Gaps / missing features to flag

Not blockers, but worth tracking:

  • ail's built-in HttpRunner does not consume SSE. Even when the backend streams, ail buffers. A plugin can translate SSE to stream/delta notifications; a future enhancement to HttpRunner could do the same generically (#TBD — worth a separate issue).
  • ail's HttpRunner has no tool/function-calling path. If OVO's /v1/chat/completions honors OpenAI tools, ail cannot currently route tool_call / tool_result pairs through the generic runner. A plugin can emit stream/tool_use / stream/tool_result notifications, so Path C is the unlock here.
  • Session resume in HttpRunner is full-replay. Plugin can hold server-side state.
  • OVO's tool-calling capability is undocumented. Needs verification (run a probe against /v1/chat/completions with tools in the payload). Outcome determines whether a plugin should bother with the tool-event surface.
  • OVO's auth model is undocumented. Assumed localhost-only. Any non-local deployment story (SSH tunnel, remote Mac) needs separate design.
  • OVO is macOS-only. Linux / Windows ail users cannot run OVO locally; documentation should be explicit about this.
  • Plugin protocol capabilities.permission_requests: true is not useful for OVO (no tools with side effects). Fine — plugin can report false.

Recommendation

Do both A and C, skip B.

  1. Immediately: document Path A in README.md and add demo/ovo.ail.yaml so users can use OVO via the existing http/ollama runner today. Effort: hours.
  2. When there is demand (or as a reference plugin): build Path C as a separate repository (e.g. ail-runner-ovo or a folder under demo/plugins/). This doubles as the first real-world validation of the plugin protocol beyond the in-tree tests, and is the right home for OVO-specific behavior. Effort: 1–2 days.
  3. Explicitly reject Path B. A vendor-specific built-in is the wrong layer; the plugin seam exists precisely to avoid this.

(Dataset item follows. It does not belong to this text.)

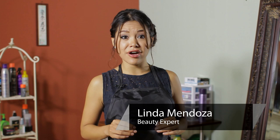Hi, I'm Linda Mendoza from Fantasy's Hair Salon, and today I'm going to share with you some tips and techniques on how to wear your hair with a beanie for winter.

A formal implementation plan for Path C can follow once this direction is agreed.

Questions before committing to a plan

  • Is OVO's /v1/chat/completions faithful enough to OpenAI's spec that a plugin can assume tools, tool_choice, and stream all work? (Needs empirical probe.)
  • Is there appetite to enhance HttpRunner with SSE streaming generically, independent of OVO? That would let Path A cover more ground and reduce the need for a plugin.
  • Should the OVO plugin live in this repo under demo/plugins/ovo/ (as a reference) or in a separate repo?